A little background on WhistlePig and its Master Distiller, Dave Pickerell. WhistlePig is a small whiskey-maker located on one of Vermont’s oldest farms, and was founded by Raj Peter Bhakta. WhistlePig’s Master Distiller is a name well known in the whiskey business. Prior to his current role at WhistlePig, Dave was the longtime MD for Maker’s Mark. So let’s get to what’s he’s up to now.

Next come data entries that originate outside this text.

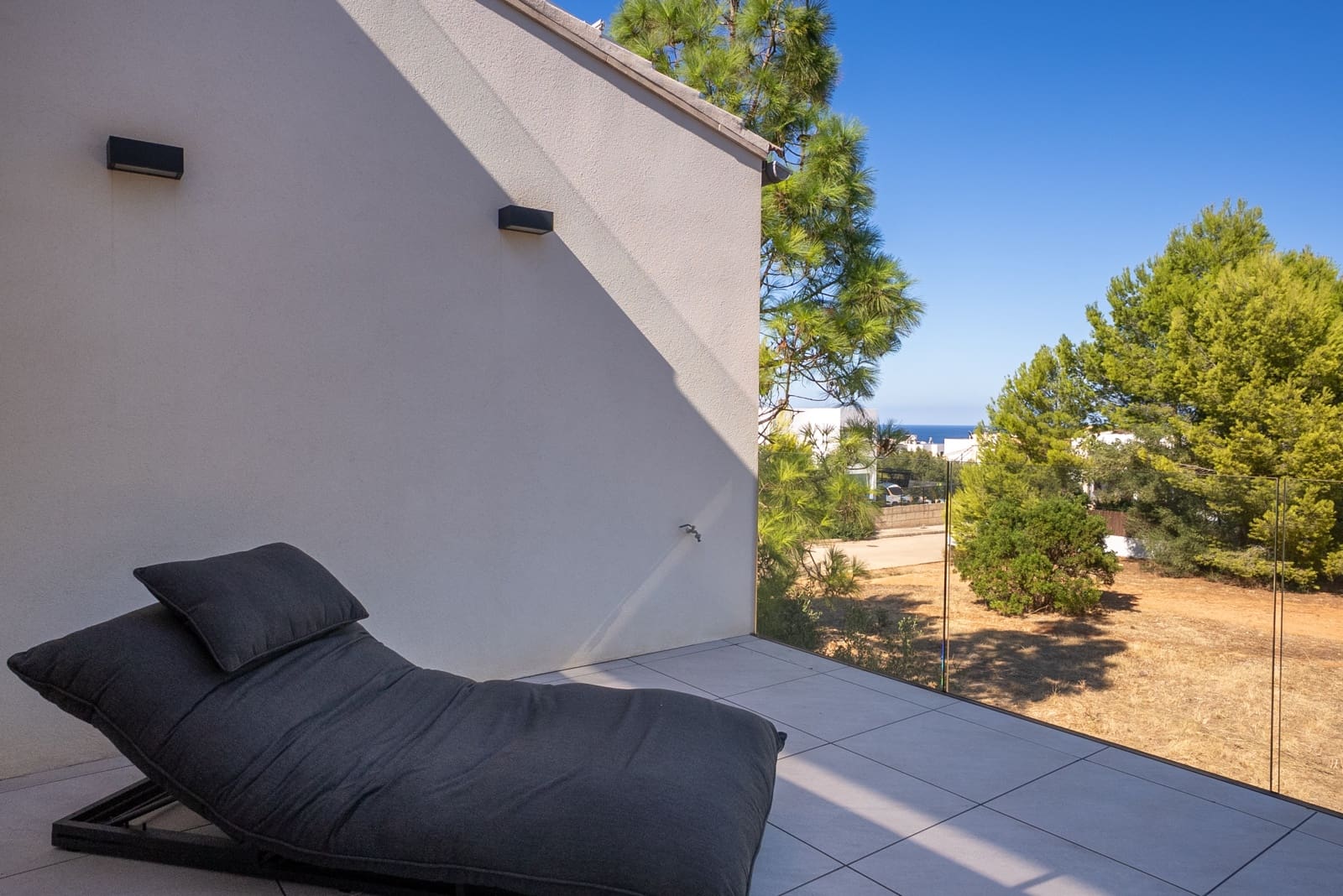 Chalet de 4 habitaciones en Colonia de Sant Pere / Colonia de San Pedro en venta con piscina garaje - 1.595.000 € (Ref: 10140127)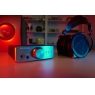Burson Audio Funk (Deluxe)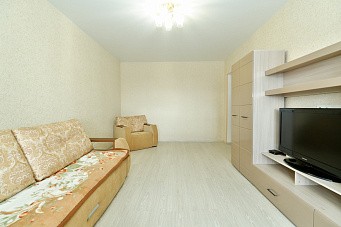 пр-д Большой Железнодорожный, д. 5, г. Павловский Посад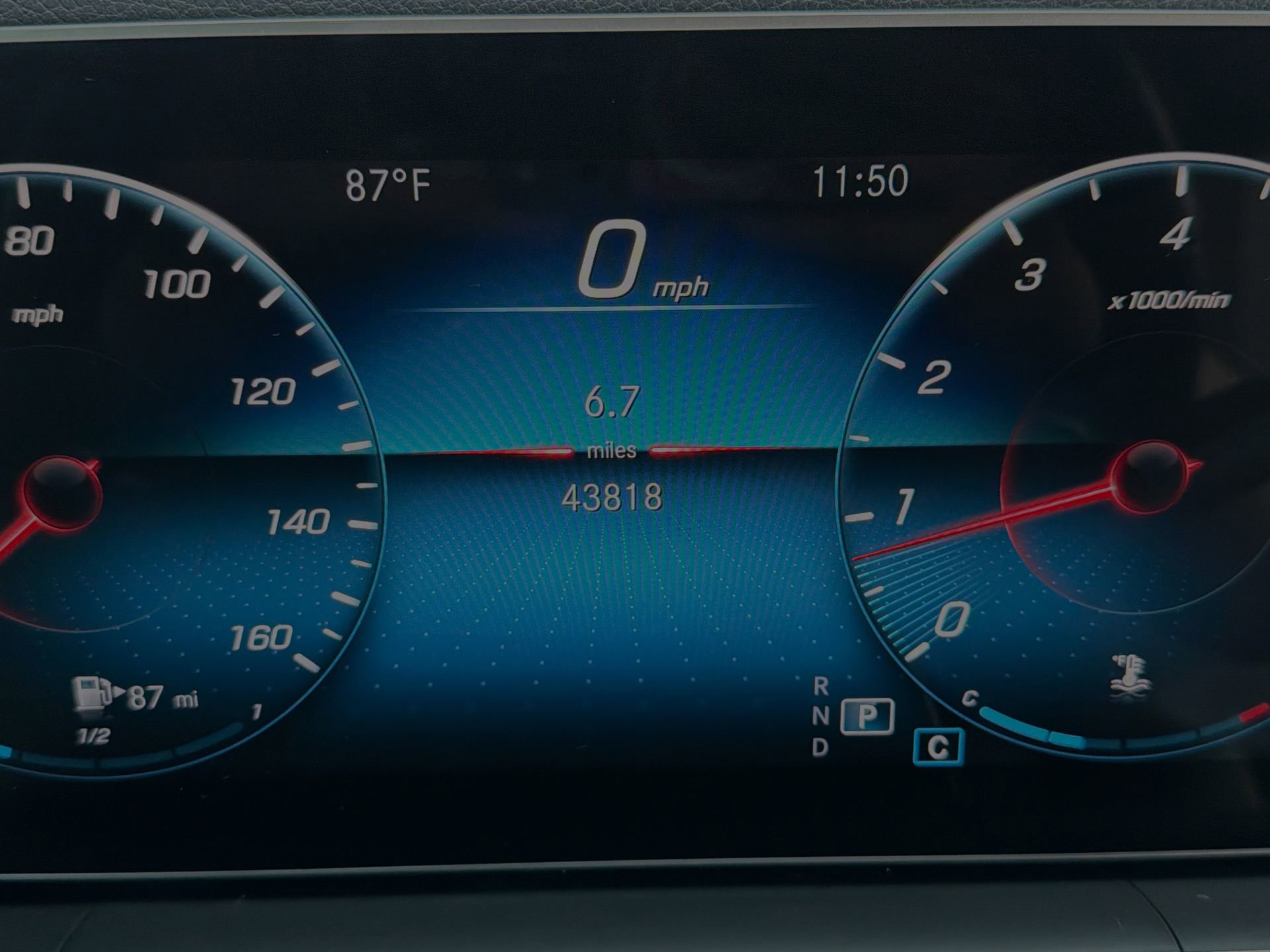 Used 2022 Mercedes-Benz GLE 350 image 15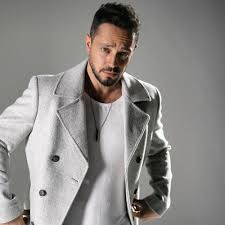 Murat boz'a dair tüm video içeriklerini bulabileceğiniz resmi youtube sayfasıdır. Murat Boz Musica Letras Canciones Discos Escuchar En Deezer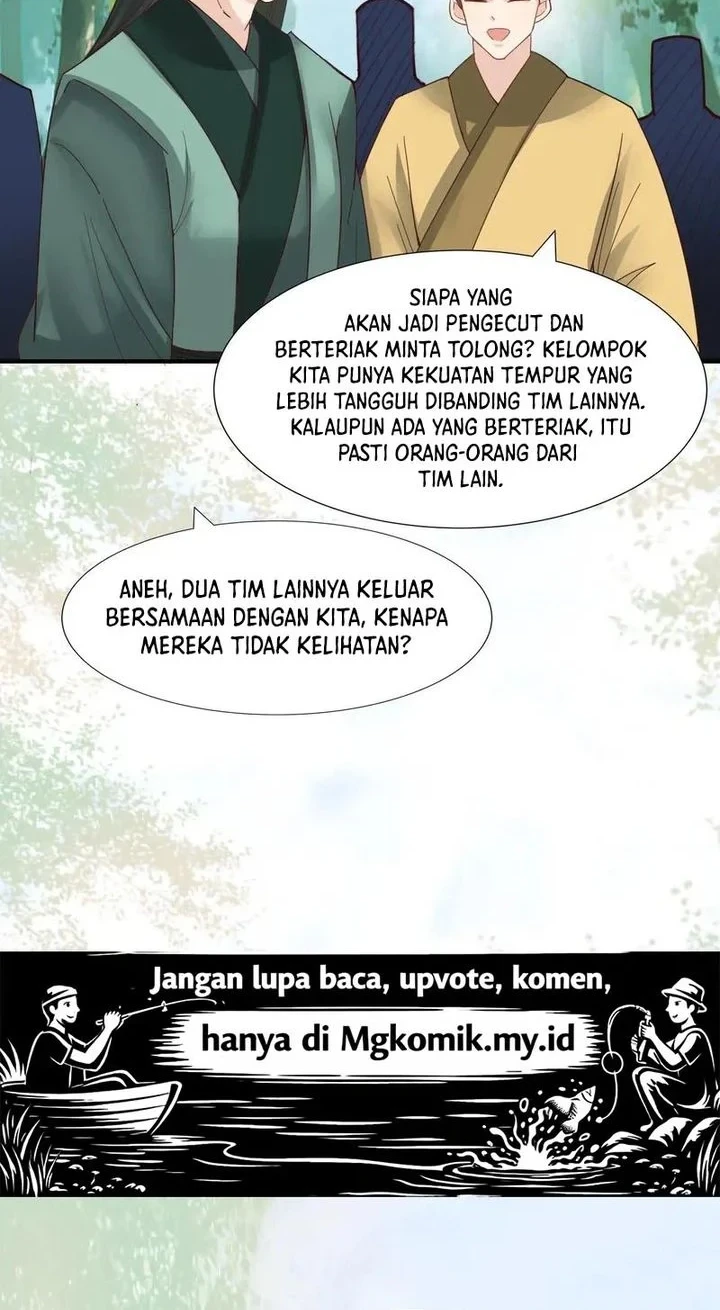 Halaman 88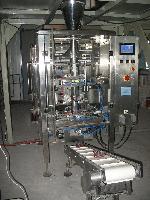 薯片食品包裝機(jī)械-中國 安徽合肥-合肥誠唯信-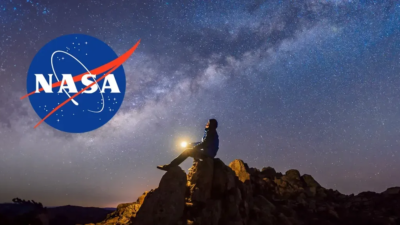 Mars araştırmalarında yeni dönem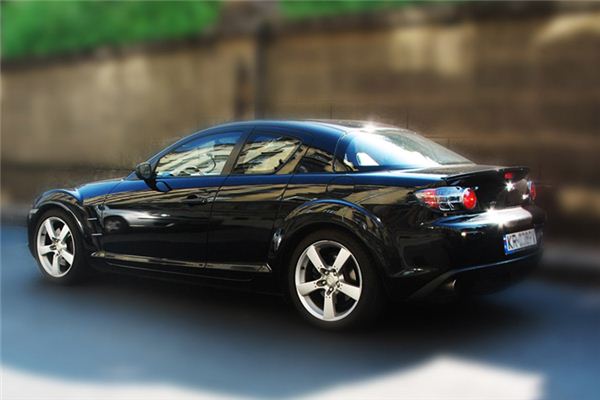 What does it mean to dream of driving? What does it mean to dream of driving?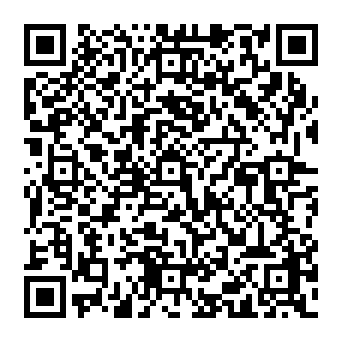 QR 207be1f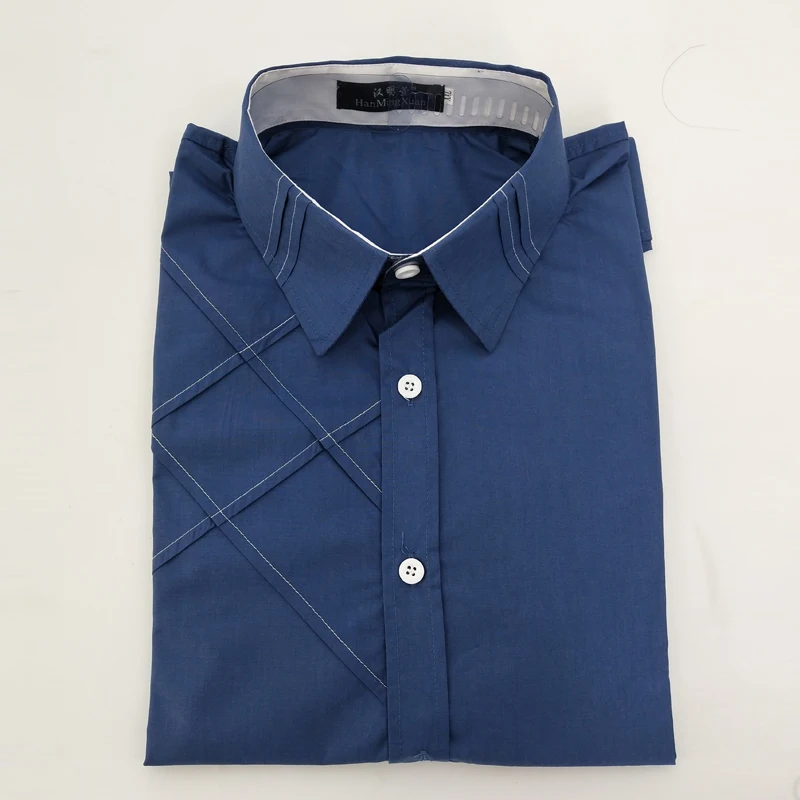 С длинным рукавом Для мужчин рубашка Camisa Masculina Chemise Homme Manche одежда 2020 Camisas Para Hombre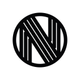 NSP Soccer Training
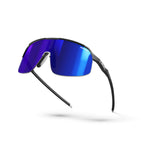 Julbo Density brille - Schwarz Reactiv High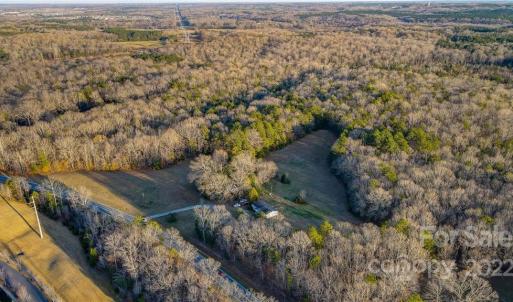 Photo #6 of 9504 Van Wyck, Lancaster, SC 38.0 acres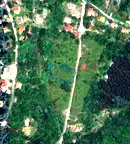 Парцел в с. Панчарево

The Boss Hog is definitely a boss of a rye whiskey. The release is made from 24 of WhistlePig’s oldest and best barrels. The Boss Hog is a 12 ½ years old and it hits you with a double barrel shot of 100% single grain rye whiskey. It’s smooth considering that it’s 134 proof. A more mellow burn than my beloved Booker’s with a beautiful cinnamon and clove singed finish that sampled neat will linger like nothing you’ve tasted before. With a little water, notes of fruit begin to appear.
The Boss Hog is a hell of a rye. If you are a rye fan, you need to seek this out. If you are not a rye fan, you should give it a try but it might hurt you, in a good way, of course.
Addendum by Richard Thomas
My own look at WhistlePig’s Boss Hog showed me an all-rye whiskey with a middling copper coloring, akin to what one might see from a cooking pot in a high-end kitchen wares shop. The nose balanced creamy vanilla against a fruity sweetness, thickly seasoned with sarsaparilla, tinged with a little musty wood. My first sip, however, told me that this whiskey needed some water.
My palate dictates that the more the proof climbs above 120 (60% abv), the more likely it is that a whiskey needs a little home cutting to make the best of it, and at 134 proof (67% abv), WhistlePig’s Boss Hog was certainly no exception. A half-capful of water brought the burn under control, and revealed a well-balanced flavor with dry wood working hand-in-hand with cinnamon and clove spicy red fruits, underscored by the slightest tobacco note.